Beamonte was also elected to the Cortes of Aragon in the 2011 elections, but resigned in August of the same year to concentrate on his other offices. In June 2015, he earned a third term as mayor, with the PP taking 10 of 17 seats in the city hall. Later the same month, he lost his provincial office to the PSOE's Juan Antonio Sánchez Quero, the mayor of Tobed.

In March 2017, Beamonte was elected president of the People's Party of Aragon, with 97.8% of the votes. In December 2018, he was named the party's lead candidate for the 2019 Aragonese regional election. The party came second, and would have formed a majority if it formed a pact with Citizens, Vox and the PAR. This did not come to be, as incumbent president Javier Lambán's PSOE formed a government with Podemos, the Chunta Aragonesista and the PAR. In the same year, he did not run for re-election as mayor of Tarazona.
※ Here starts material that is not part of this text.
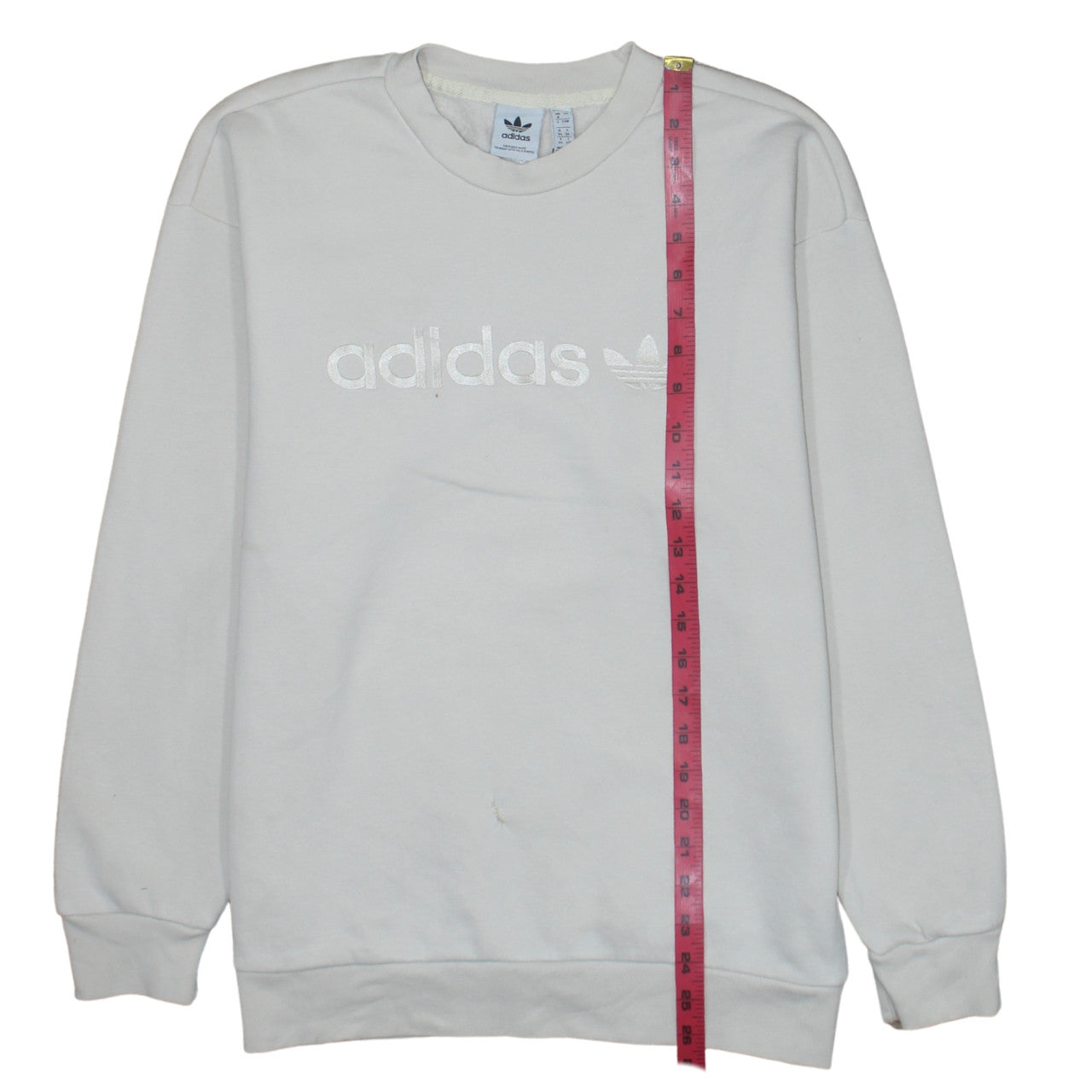 Adidas Women White Pullover Sweatshirt UK 8 Logo Crew Neck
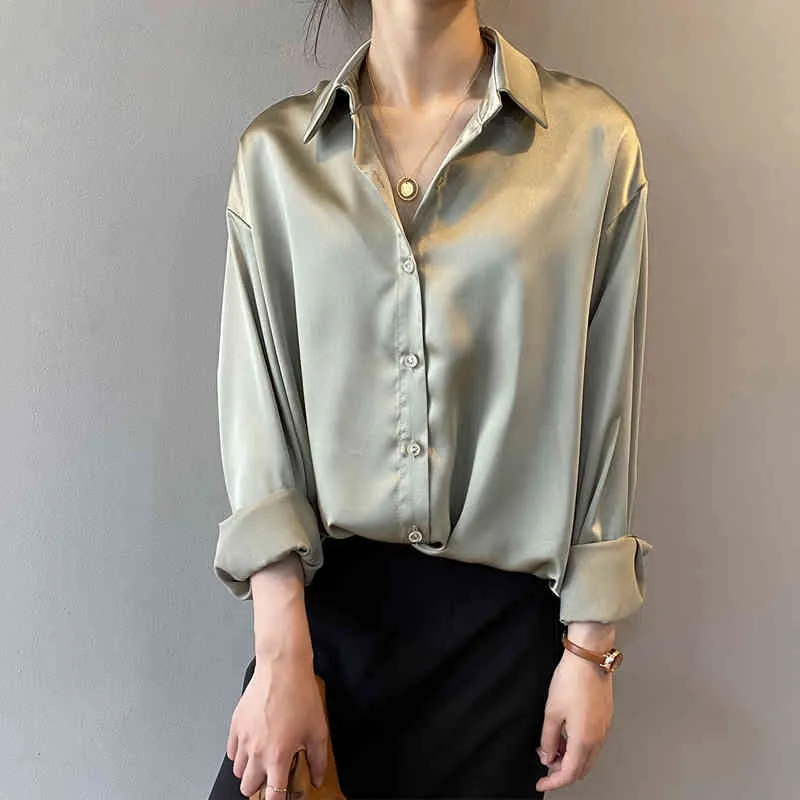 white satin button up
In October 2021, Beamonte said that he would not run again for leader of the regional PP, endorsing the mayor of Zaragoza, Jorge Azcón to replace him in December. Beamonte was replaced as PP spokesperson in the Cortes of Aragon by Mar Vaquero in January 2022.

In the 2023 Spanish general election, Beamonte led the PP list in the Zaragoza constituency. His party took seven of the thirteen seats.